答复: [PATCH RESEND] arm64: fault: avoid send SIGBUS two times

2017-12-11 Thread gengdongjiu
Hi James,
  Thanks for your review and suggestion.

> Hi gengdongjiu,
> 
> On 08/12/17 04:43, gengdongjiu wrote:
> > by the way, I think also change the info.si_code to "BUS_MCEERR_AR" is 
> > better, as shown [1].
> > BUS_MCEERR_AR can tell user space  "Hardware memory error consumed on a 
> > error; action required".
> 
> Today its also used as the last-resort. This signal tells user-space the page 
> can't be re-read from disk/swap, and its been unmapped from all
> affected processes.
> 
> I think using it like this (tempting as it is) changes the meaning.


Consider again, I think what is your said is reasonable, when the 
ghes_notify_sea() return failure, it means the meory_failure() does not handler 
the error and even not 
unmapped the affected processes. 
So setting the si_code to BUS_MCEERR_AR may not better, I will set the si_code 
to 0.
Thanks for your suggestion and reminder.

> 
> 
> > so it is better than "0". In the X86 platform, it also use the 
> > "BUS_MCEERR_AR" for si_code[2] in "arch/x86/mm/fault.c".
> > what do you think about it?
> 
> This is heading into kernel-first territory, I'd prefer we do that all at 
> once so we know everything is covered.

Yes, it is.

> 
> 
> > [2]:
> > arch/x86/mm/fault.c:
> >
> > static void
> > do_sigbus(struct pt_regs *regs, unsigned long error_code, unsigned long 
> > address,
> >   u32 *pkey, unsigned int fault)
> > {
> >   ..
> > #ifdef CONFIG_MEMORY_FAILURE
> > if (fault & (VM_FAULT_HWPOISON|VM_FAULT_HWPOISON_LARGE)) {
> 
> These VM_FAULT flags indicate memory_failure() has run, tried to re-read the 
> memory from disk/swap, failed, and unmapped the page
> from all affected processes.

Understand, These VM_FAULT flags is different with the do_sea() handling. In 
the do_sea(), the memory_failure() may not run.  

> 
> 
> > printk(KERN_ERR
> > "MCE: Killing %s:%d due to hardware memory corruption fault at %lx\n",
> > tsk->comm, tsk->pid, address);
> > code = BUS_MCEERR_AR;
> > }
> > #endif
> > force_sig_info_fault(SIGBUS, code, address, tsk, pkey, fault); }
> 
> This is x86's page fault handler, not its Machine-Check-Exception handler.
> 
> arm64's page fault handler does this too, from do_page_fault():

Yes, indeed. 
just now I check the code, you are right. 

> > } else if (fault & (VM_FAULT_HWPOISON | VM_FAULT_HWPOISON_LARGE)) {
> > sig = SIGBUS;
> > code = BUS_MCEERR_AR;
> 
> 
> If you're seeing this, its likely due to the race Xie XiuQi spotted where the 
> recovery action has been queued, then we return to user-space
> before its done.
> 
> I had a go at tackling this, adding helpers to kick the assorted queues, 
> which we can do if we took the exception from user-space.
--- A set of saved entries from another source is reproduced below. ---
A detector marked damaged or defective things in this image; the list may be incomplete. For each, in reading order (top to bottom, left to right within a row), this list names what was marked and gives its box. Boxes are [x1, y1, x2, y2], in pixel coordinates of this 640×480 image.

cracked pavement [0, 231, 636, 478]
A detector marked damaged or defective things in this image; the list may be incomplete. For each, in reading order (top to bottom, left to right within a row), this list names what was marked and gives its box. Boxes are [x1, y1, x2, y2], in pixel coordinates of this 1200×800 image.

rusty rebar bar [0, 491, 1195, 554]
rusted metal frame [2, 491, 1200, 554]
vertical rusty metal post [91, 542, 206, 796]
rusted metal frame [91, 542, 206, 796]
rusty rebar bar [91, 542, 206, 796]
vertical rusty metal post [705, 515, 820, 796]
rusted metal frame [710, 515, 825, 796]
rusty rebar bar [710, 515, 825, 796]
Where I
> got stuck is whether we should still force a signal, and how signals get 
> merged. I'll try and spend some more time on that this week.
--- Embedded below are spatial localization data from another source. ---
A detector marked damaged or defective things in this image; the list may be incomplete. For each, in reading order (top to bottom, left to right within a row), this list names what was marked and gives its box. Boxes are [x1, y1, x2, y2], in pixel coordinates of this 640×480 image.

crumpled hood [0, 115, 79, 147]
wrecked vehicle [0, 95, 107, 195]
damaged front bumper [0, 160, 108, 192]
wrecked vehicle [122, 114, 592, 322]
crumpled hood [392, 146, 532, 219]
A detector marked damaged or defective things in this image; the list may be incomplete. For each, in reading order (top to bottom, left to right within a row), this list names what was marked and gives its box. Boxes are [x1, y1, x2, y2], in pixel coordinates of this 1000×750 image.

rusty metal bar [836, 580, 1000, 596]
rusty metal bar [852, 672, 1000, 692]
Understand, thanks for tacking and effort.

> 
> 
> 
> Thanks,
> 
> James


Re: [PATCH RESEND] arm64: fault: avoid send SIGBUS two times

2017-12-11 Thread James Morse
Hi gengdongjiu,

On 08/12/17 04:43, gengdongjiu wrote:
> by the way, I think also change the info.si_code to "BUS_MCEERR_AR" is 
> better, as shown [1].
> BUS_MCEERR_AR can tell user space  "Hardware memory error consumed on a 
> error; action required".

Today its also used as the last-resort. This signal tells user-space the page
can't be re-read from disk/swap, and its been unmapped from all affected 
processes.

I think using it like this (tempting as it is) changes the meaning.
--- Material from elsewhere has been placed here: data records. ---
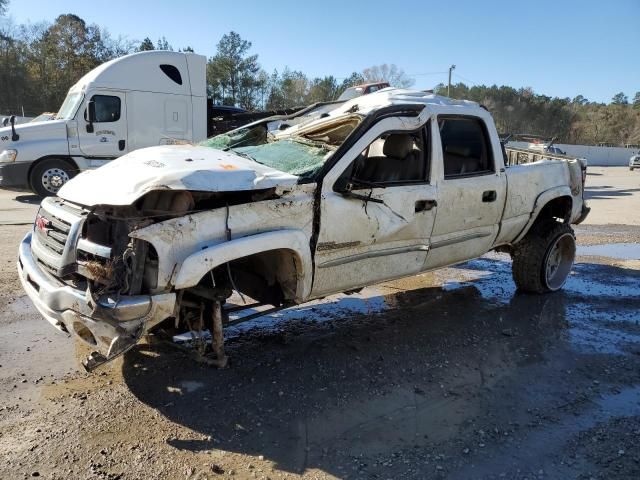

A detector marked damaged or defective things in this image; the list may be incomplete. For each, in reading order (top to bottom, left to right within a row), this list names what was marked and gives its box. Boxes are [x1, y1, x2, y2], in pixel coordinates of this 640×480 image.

crumpled hood [58, 145, 298, 207]
shattered windshield [201, 113, 360, 181]
wrecked white pickup truck [18, 90, 592, 370]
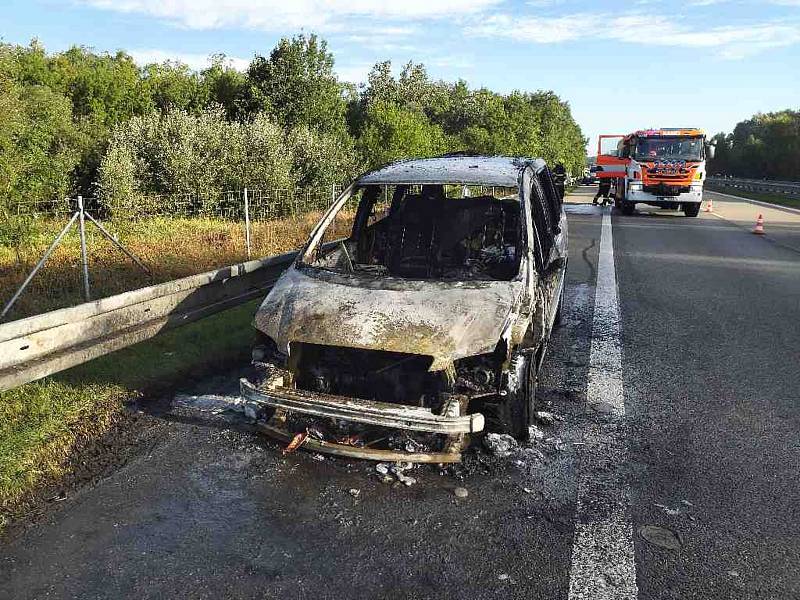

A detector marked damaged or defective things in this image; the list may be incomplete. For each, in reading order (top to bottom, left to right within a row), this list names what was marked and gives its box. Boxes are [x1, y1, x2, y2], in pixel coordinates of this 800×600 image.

charred car hood [256, 268, 524, 370]
burned car [241, 157, 564, 462]
burnt car body [241, 157, 564, 462]
burnt car wheel [482, 352, 536, 440]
> so it is better than "0". In the X86 platform, it also use the 
> "BUS_MCEERR_AR" for si_code[2] in "arch/x86/mm/fault.c".
> what do you think about it?

This is heading into kernel-first territory, I'd prefer we do that all at once
so we know everything is covered.


> [2]:
> arch/x86/mm/fault.c:
> 
> static void
> do_sigbus(struct pt_regs *regs, unsigned long error_code, unsigned long 
> address,
>   u32 *pkey, unsigned int fault)
> {
>   ..
> #ifdef CONFIG_MEMORY_FAILURE
> if (fault & (VM_FAULT_HWPOISON|VM_FAULT_HWPOISON_LARGE)) {

These VM_FAULT flags indicate memory_failure() has run, tried to re-read the
memory from disk/swap, failed, and unmapped the page from all affected 
processes.


> printk(KERN_ERR
> "MCE: Killing %s:%d due to hardware memory corruption fault at %lx\n",
> tsk->comm, tsk->pid, address);
> code = BUS_MCEERR_AR;
> }
> #endif
> force_sig_info_fault(SIGBUS, code, address, tsk, pkey, fault);
> }

This is x86's page fault handler, not its Machine-Check-Exception handler.

arm64's page fault handler does this too, from do_page_fault():
>   } else if (fault & (VM_FAULT_HWPOISON | VM_FAULT_HWPOISON_LARGE)) {
>   sig = SIGBUS;
>   code = BUS_MCEERR_AR;


If you're seeing this, its likely due to the race Xie XiuQi spotted where the
recovery action has been queued, then we return to user-space before its done.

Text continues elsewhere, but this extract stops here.